Lieu du dépôt

Le déposant a plusieurs possibilités pour réaliser un dépôt.

Il faut toutefois s’assurer qu’il ne fera pas n’importe quoi et hypothéquera ainsi ses chances d’obtenir un brevet.

Pour les dépôts initiaux

Le dépôt auprès de l’OEB

C’est que l’on peut appeler « le dépôt direct » .

L’A75(1) a) CBE dispose que :

La demande de brevet européen peut être déposée :

a) soit auprès de l’Office européen des brevets ;

b) [… ]

La R35(1) CBE prévoit quant à elle que :

Les demandes de brevet européen peuvent être déposées par écrit auprès de l’Office européen des brevets à Munich, La Haye ou Berlin [… ]

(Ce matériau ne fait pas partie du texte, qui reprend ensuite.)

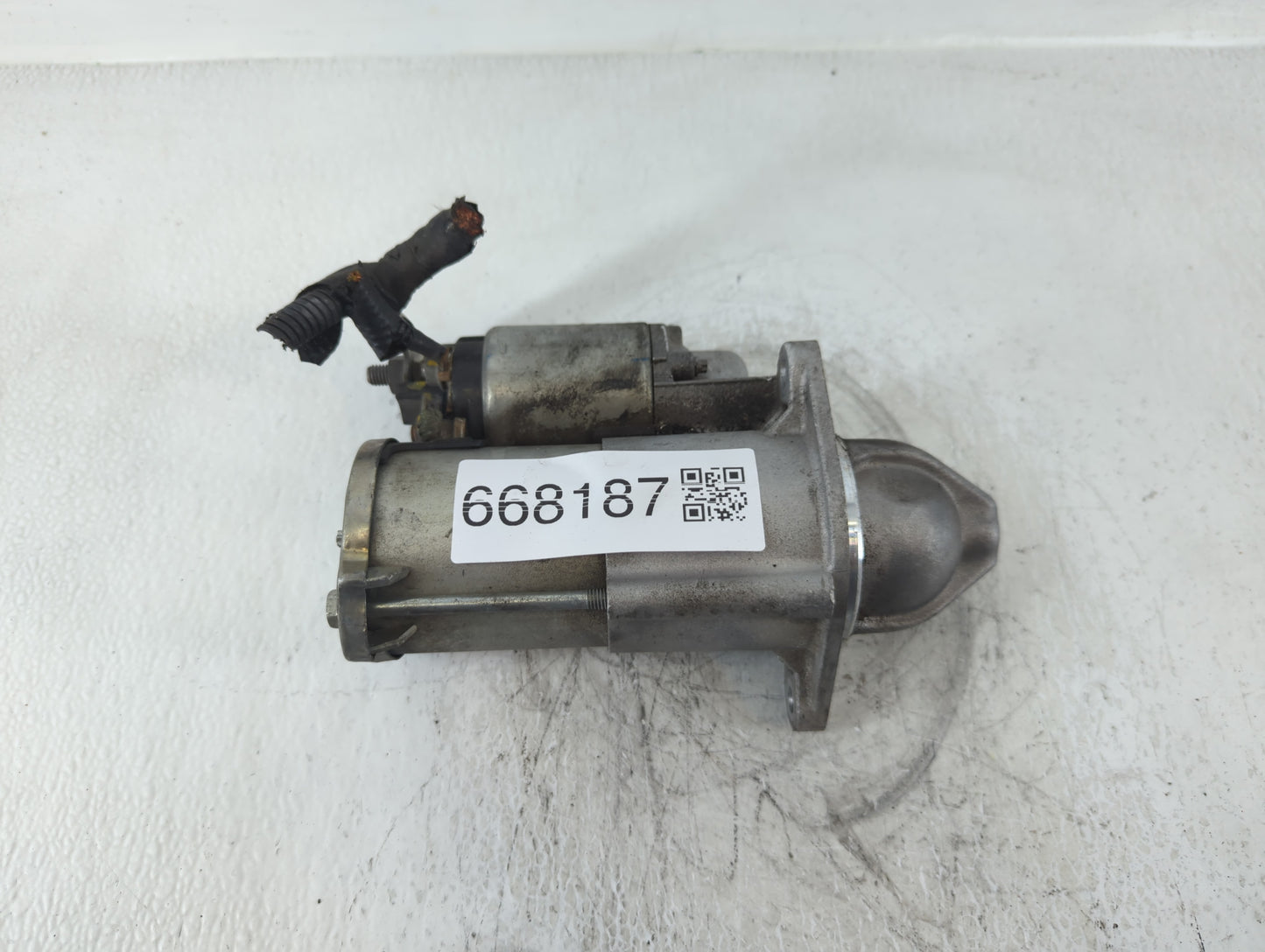 2012-2018 Chevrolet Sonic Car Starter Motor Solenoid OEM P/N:55576980 4E221 Fits Fits 2011 2012 2013 2014 2015 2016 2017 201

Ainsi, même si l’OEB possède de bâtiments dans d’autres villes (comme Vienne ou Bruxelles), seuls trois endroits peuvent recevoir les dépôts de demandes de brevets (R35(1) CBE) :

  • Munich (OEB),
  • La Haye (Département de l’OEB),
  • Berlin (Agence de l’OEB).
Les trois offices européens récepteurs
Les trois offices européens récepteurs

L’agence de Vienne ou Bruxelles ne peut rien recevoir (Directives A-II 1.1).

Il faut noter que les bâtiments de Berlin et de Munich sont équipés de boîtes aux lettres automatiques utilisables à toute heure du jour ou de la nuit (« Décision du Président de l’Office européen des brevets, en date du 3 janvier 2017, relative à la désignation des bureaux de réception de l’OEB » , JO 2017, A11).

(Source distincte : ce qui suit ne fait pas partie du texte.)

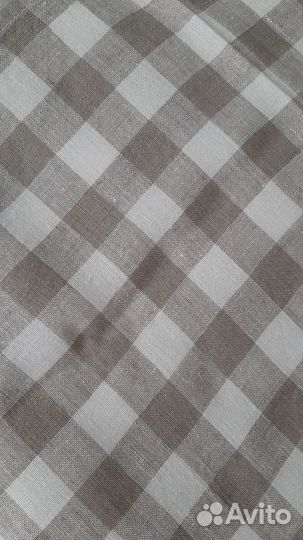 Скатерть лён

Attention ! En effet, ce qui vient d’être dit ne signifie pas que le dépôt direct est le seul ou qu’il est toujours possible.

Le dépôt auprès d’un office national récepteur

La faculté

L’A75(1) b) CBE dispose que :

La demande de brevet européen peut être déposée :

a) [… ]

b) soit, si la législation d’un État contractant le permet, et sous réserve de l’article 76, paragraphe 1, auprès du service central de la propriété industrielle ou des autres autorités compétentes de cet État. Toute demande ainsi déposée a les mêmes effets que si elle avait été déposée à la même date à l’Office européen des brevets.

Lorsque ce dépôt est possible et que la demande est reçue par l’intermédiaire d’un office national, la date de dépôt correspond à la date à laquelle l’office national a reçu les pièces. La CBE n’admet en aucun cas la possibilité d’appliquer une décision du droit national pour déterminer la date du dépôt d’une demande de brevet européen (J 18/86).

« si la législation d’un État contractant le permet » : Il est nécessaire de regarder dans la législation de chaque État pour savoir si cela est possible.

En l’espèce, cela est possible en France. En effet, l’article L614-2 CPI dispose :

Toute demande de brevet européen peut être déposée auprès de l’Institut national de propriété industrielle soit à son siège, soit, en tant que de besoin, dans ses centres régionaux, selon des modalités qui sont précisées par voie réglementaire.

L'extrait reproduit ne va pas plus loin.